Considérant que l’Ordonnance était insuffisante en ce qu’elle ne prévoit pas que la rémunération soit d’emblée « appropriée », le Conseil d’Etat a par une décision en date du 15 novembre 2022 jugé que les requérants étaient fondés à demander l’annulation de cette mesure et a annulé l’Ordonnance « en tant qu’elle ne prévoit pas que les auteurs cédant leurs droits exclusifs pour l’exploitation de leurs œuvres ont le droit de percevoir une rémunération appropriée ».
Par ailleurs, dans le cadre de cette décision le Conseil d’Etat s’est également prononcé sur la compétence donnée aux Organismes de gestion collective en matière de négociation collective pour représenter les auteurs, contestée par les requérants au motif que cette compétence porterait atteinte à la liberté syndicale. Plus particulièrement, les requérant ont soutenu que porte atteinte au principe d’égalité en tant que principe général du droit de l’Union Européenne le fait d’autoriser les Organismes de gestion collective à conclure des accords professionnels relatifs respectivement à la reddition des comptes et à l’exercice du droit de résiliation en cas d’exploitation, d’une part, et à la rémunération des auteurs en matière de production audiovisuelle, d’autre part, alors que dans le secteur du livre les dispositions du Code de la propriété intellectuelle ne donnent compétence qu’aux seules organisations professionnelles.
Sur ces points, les demandes des requérants ont été rejetées dans la mesure où ces dispositions n’ont « ni pour objet, ni pour effet de limiter la possibilité pour des auteurs de choisir d’adhérer à un syndicat de leur choix ou de constituer un syndicat, ni même de limiter la possibilité pour un tel syndicat de participer aux accords professionnels ».

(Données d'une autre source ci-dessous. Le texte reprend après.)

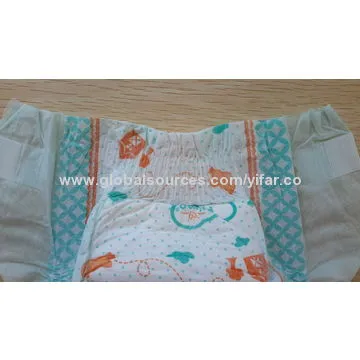 Top quality pampers baby diaper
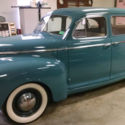 1941 Nash Ambassador must see nice.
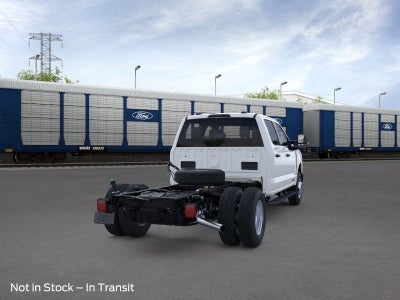 2026 Ford Chassis Cab F-350® XL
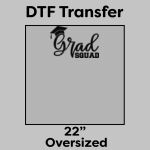 DTF Transfer 22" Thumbnail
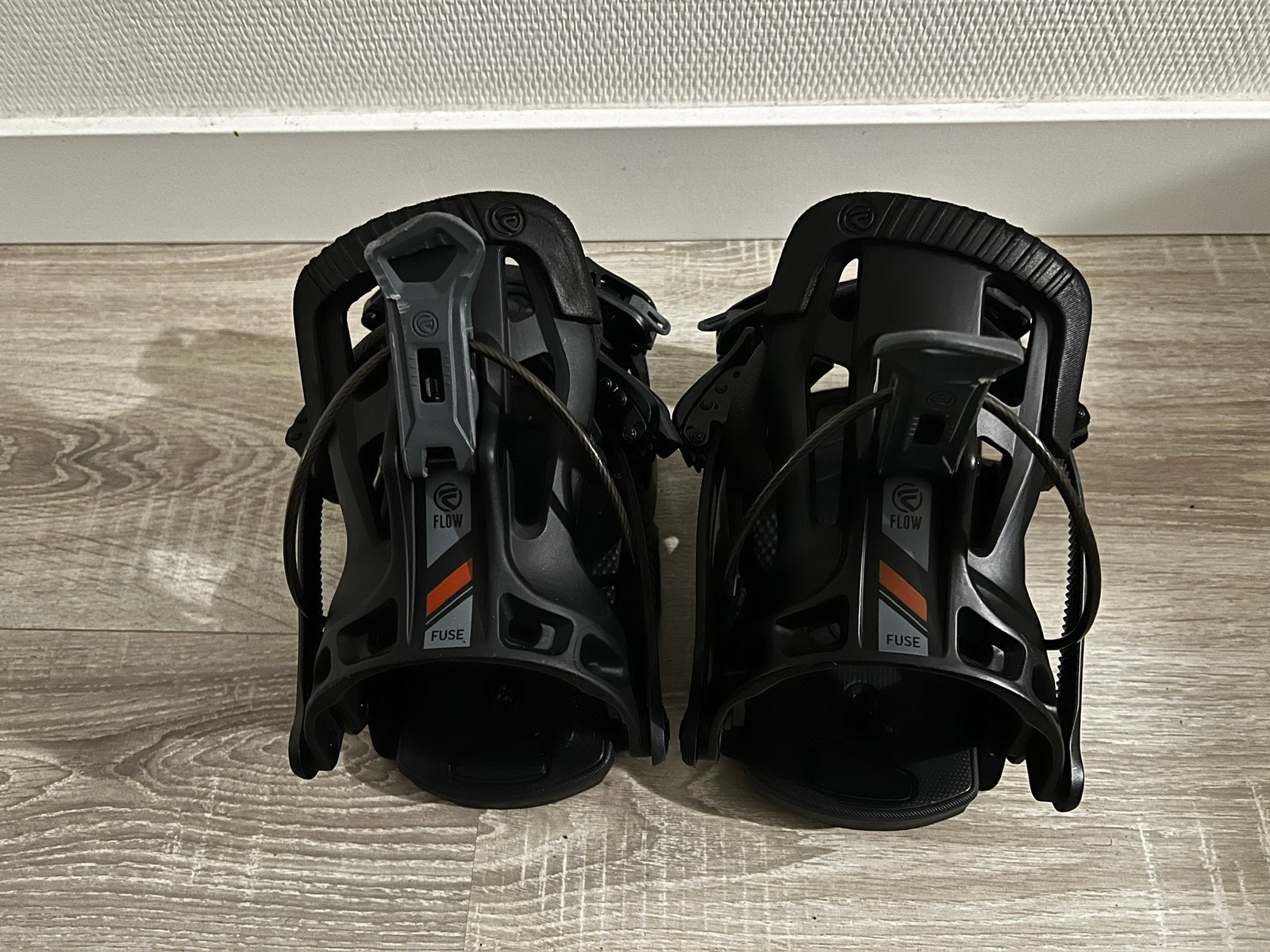 Flow Fuse 2023 Snowboardbindingen – Maat M, Ophalen of Verzenden, Zo goed als nieuw, Bindingen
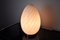 Blown Glass Egg Lamp, Spain, 1970, Image 2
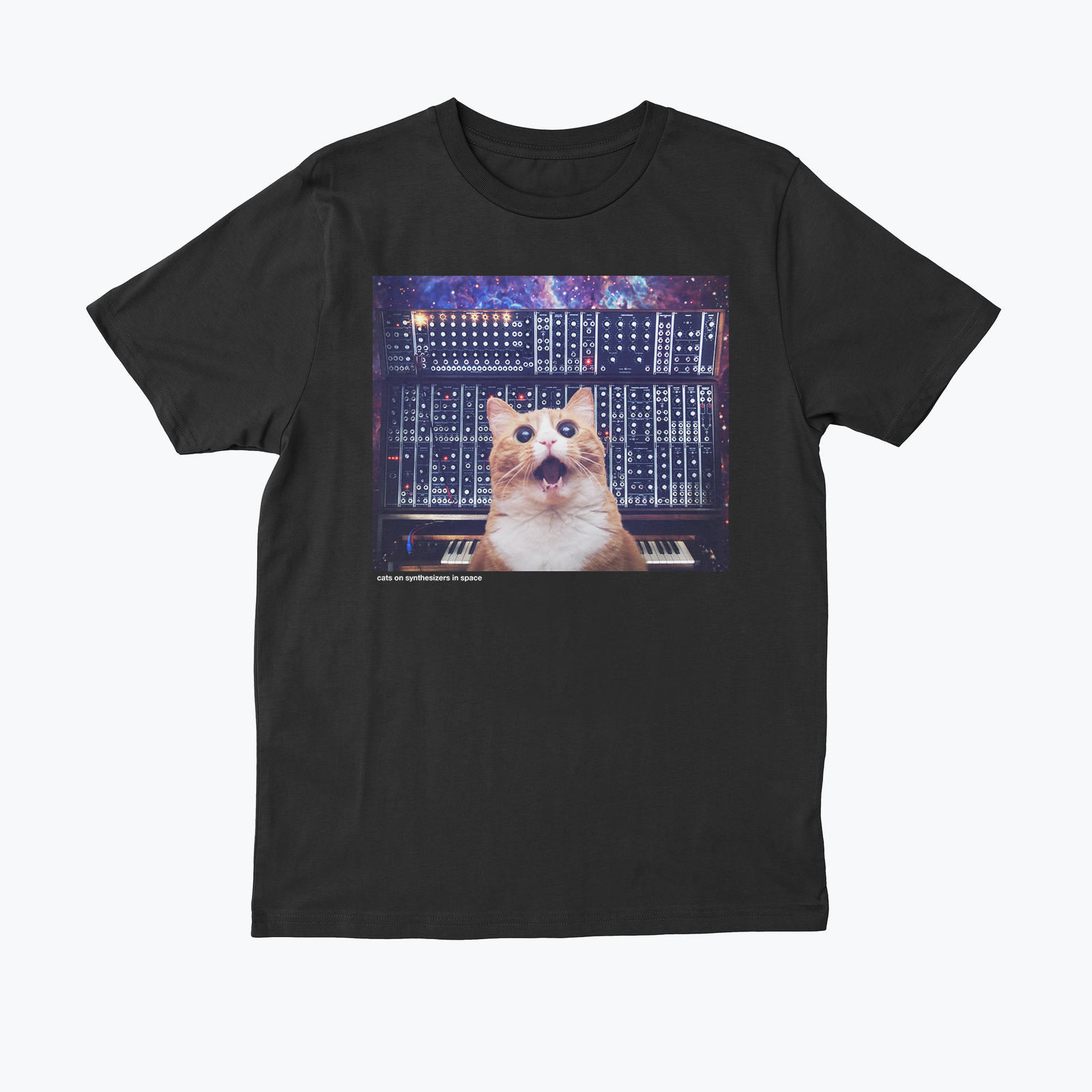 Modular T-shirt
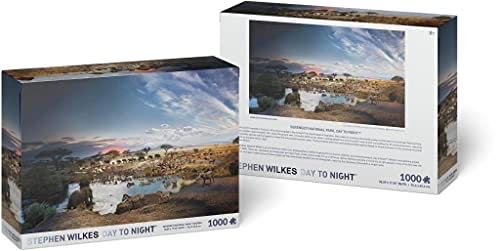 Wasgij Original. Limited Edition. 10 Jaar Wasgij. Het is geen geheim meer.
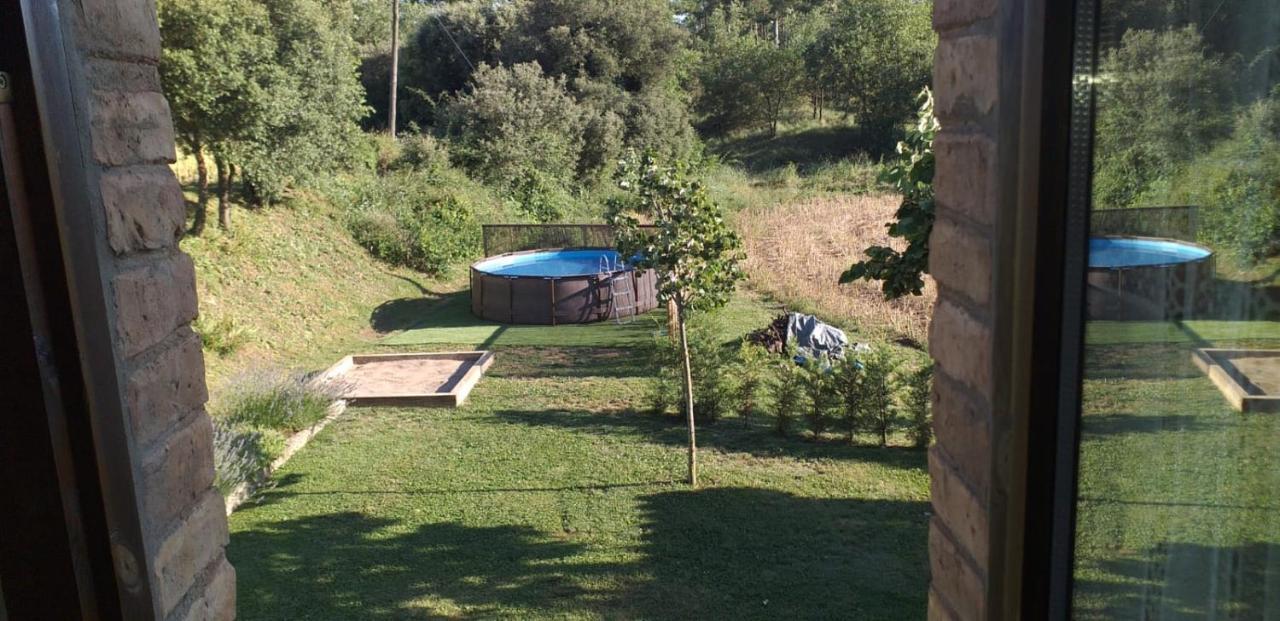 El Forn Rural Villa Montmajor ภายนอก รูปภาพ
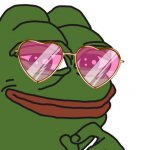 Розовые очки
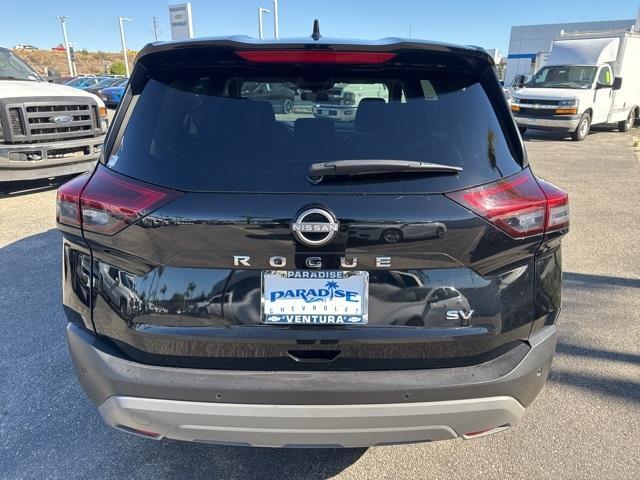 2023 Nissan Rogue Vehicle Photo in VENTURA, CA 93003-8585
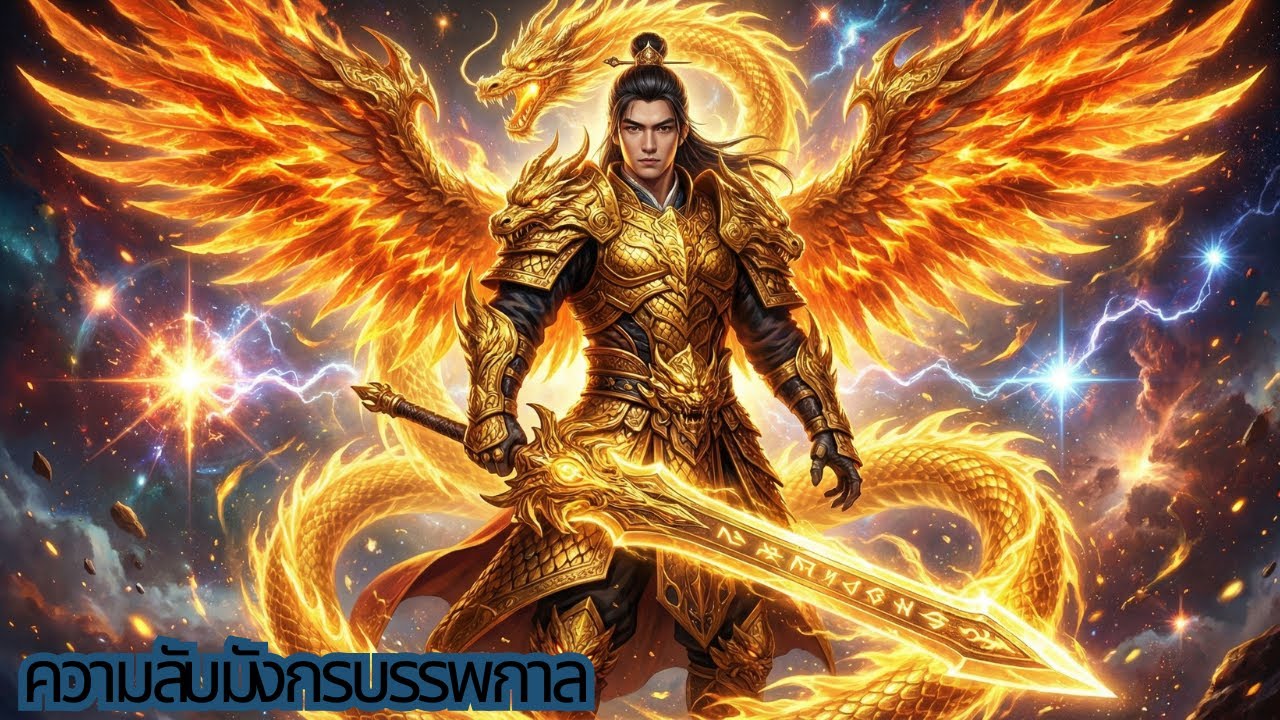 จากขยะสู่ราชันย์! จุติมังกรเพลิงบรรพกาลสะท้านสวรรค์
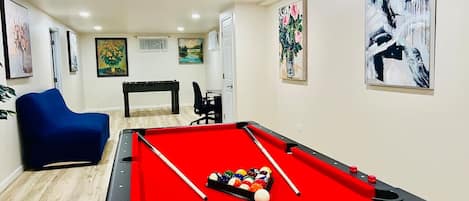 Game room
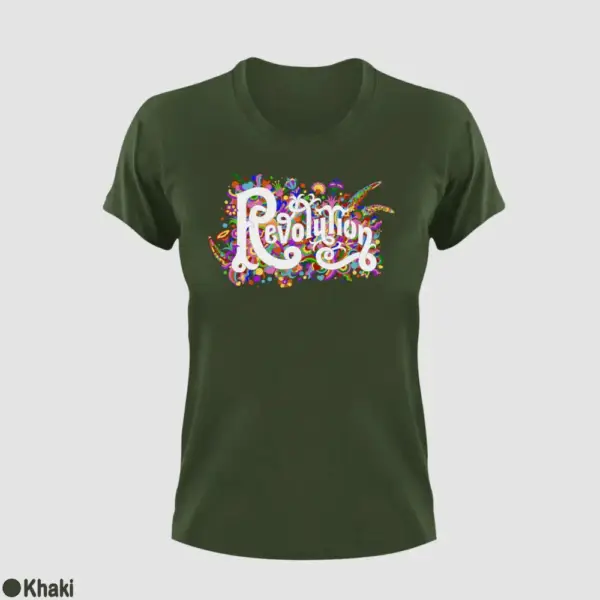Revolution Women's T-Shirt - Image 7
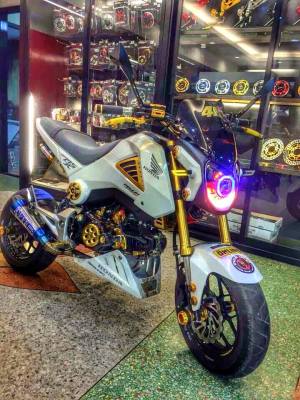 Honda Grom modification (11)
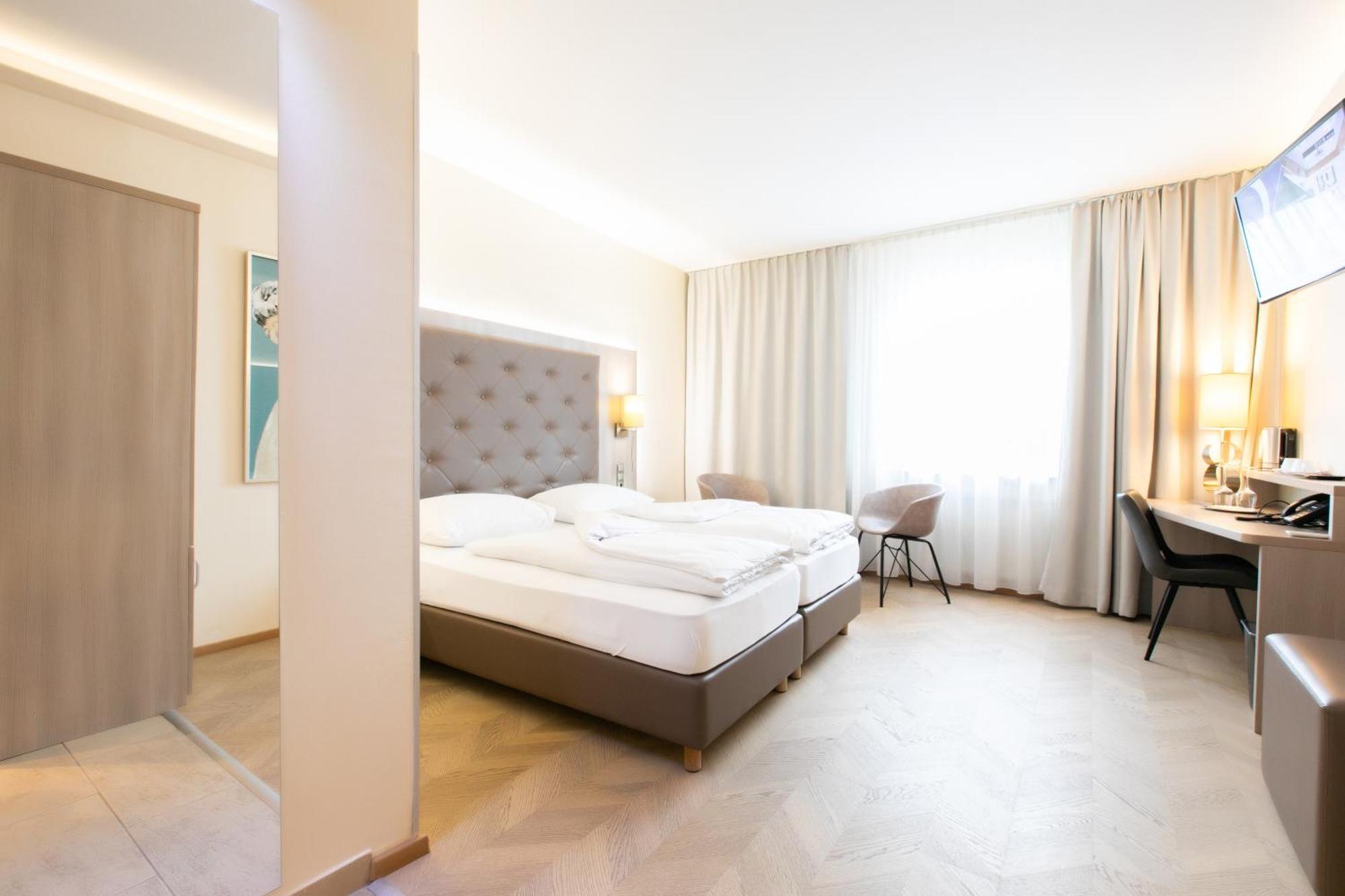 Das Reinisch Hotel - Near Vienna Airport Schwechat Eksteriør billede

Ainsi, la haute juridiction confirme la légitimité pour les Organismes de gestion collective de participer aux négociations professionnelles dans le secteur de l’audiovisuel considérant que la différence de traitement qui résulte de la spécificité du secteur du livre, lequel n’est pas structuré autour d’organismes de gestion collective, est « fondé sur un critère objectif et rationnel au regard du but poursuivi ».
Les Sociétés de gestion collective se réjouissent que cette décision consacre d’une part le principe de transparence et du droit pour les auteurs à bénéficier d’une information juste et régulière sur l’exploitation des œuvres et, d’autre part, la mise en place de négociations professionnelles obligatoires entre auteurs et producteurs afin d’encadrer les pratiques contractuelles et d’améliorer la rémunération des auteurs d’œuvres audiovisuelles.